For Sam’s Club, high value is derived from high frequency.
When customers are drawn into a Sam’s Club location by an advertised discount, that’s usually a one-off.
But when customers download the Sam’s Club app and start browsing consumables, that’s a strong indication that they’re going to become a regular patron – and those are the people Sam’s Club is gunning for.
Frost and his team spent most of last year upping installs for the Sam’s Club app and running retargeting campaigns with Liftoff, which uses lookalike targeting to identify users most likely to create an account or sign up for membership.
From there, Sam’s Club collects information about its users pegged to the device ID, like demographics and behavior, to try and figure out which ones have the most potential to become high-value users and which are likely to lapse.
With that data in hand, the focus this year shifted to retention, driving in-app actions and upping the average revenue per user by reminding users to complete half-completed tasks within the Sam’s Club app.

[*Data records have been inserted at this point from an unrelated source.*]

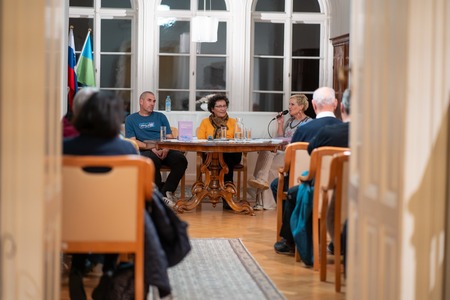 O življenju z demenco skozi knjigo Kje so moji ključi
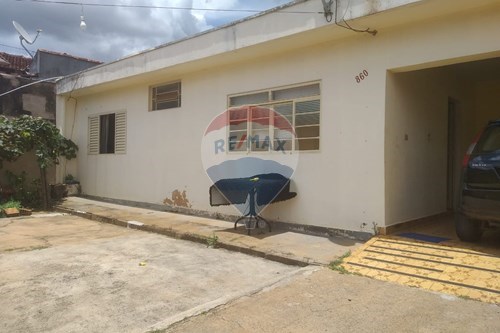 Venda-Casa-R. Lybia Vilela Junqueira , 860  - Perto da Avenida Brasil  - Jardim Paulistano , Franca , São Paulo , 14402 405-780231035-20
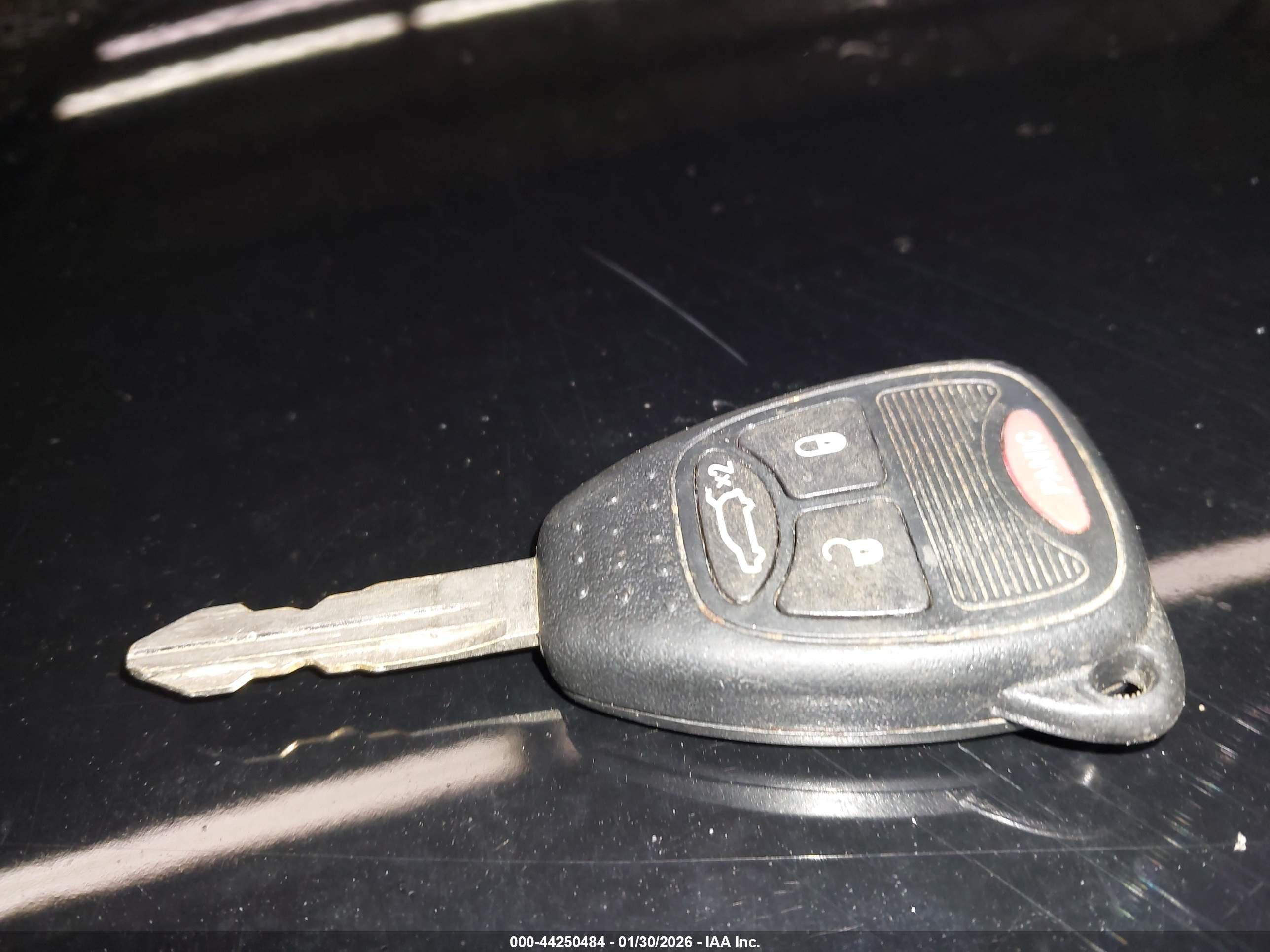 CHRYSLER 200 image 11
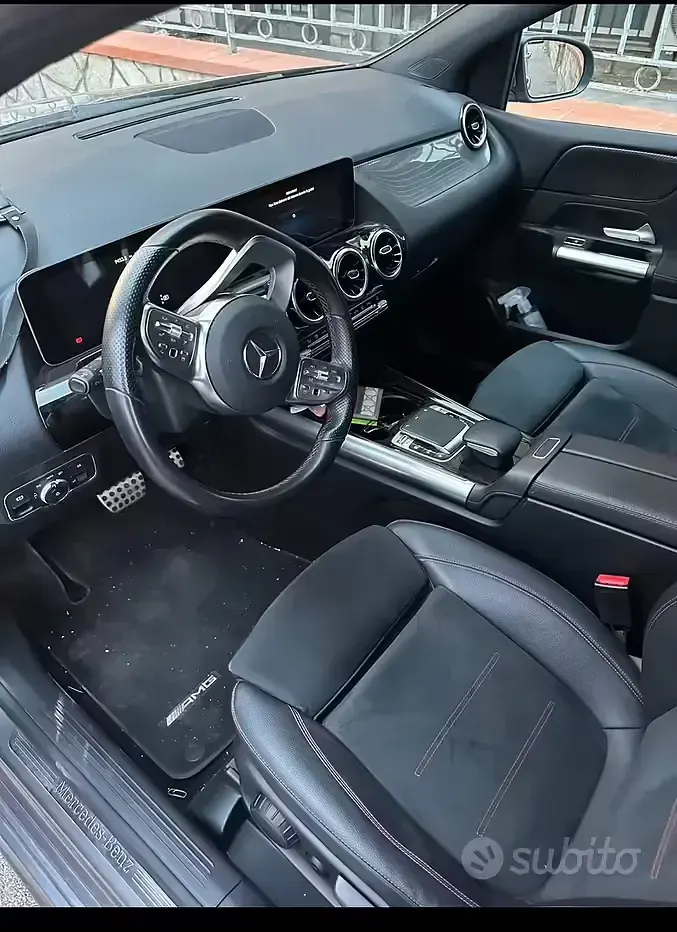 Usata Mercedes B180 116 CV (85 kW) 2019 Grigio Utilitaria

Sam’s Club has been testing a recently released tool from Liftoff that retargets users with dynamic product ads based on their recent in-app actions, similar in spirit to what Facebook provides with its Dynamic Ads product.
The ads are delivered programmatically through Liftoff’s mobile DSP. When users click, they’re deep-linked back into the app experience, either directly to the product page or, in some cases, the shopping cart they abandoned.
“We have a real-time feed of their product catalog along with the latest pricing information for inventory so we can dynamically serve up ads with the latest information on what’s actually available for sale,” said Dennis Mink, Liftoff’s VP of marketing.
It’s still early in Sam’s Club test of dynamic product feed retargeting, but Frost said the outcomes are positive so far.
Engagement retargeting is an increasingly central tactic in the app marketer’s playbook as the industry trends away from vanity metrics like the base number of installs and adopts deeper personalization to increase user retention.
“There’s been an evolution toward identifying users and thinking about the next step, which is what we can get those users to do,” Frost said. “With that in mind, a dynamic product listing with all the product details is really very much a natural fit for us as a retailer.”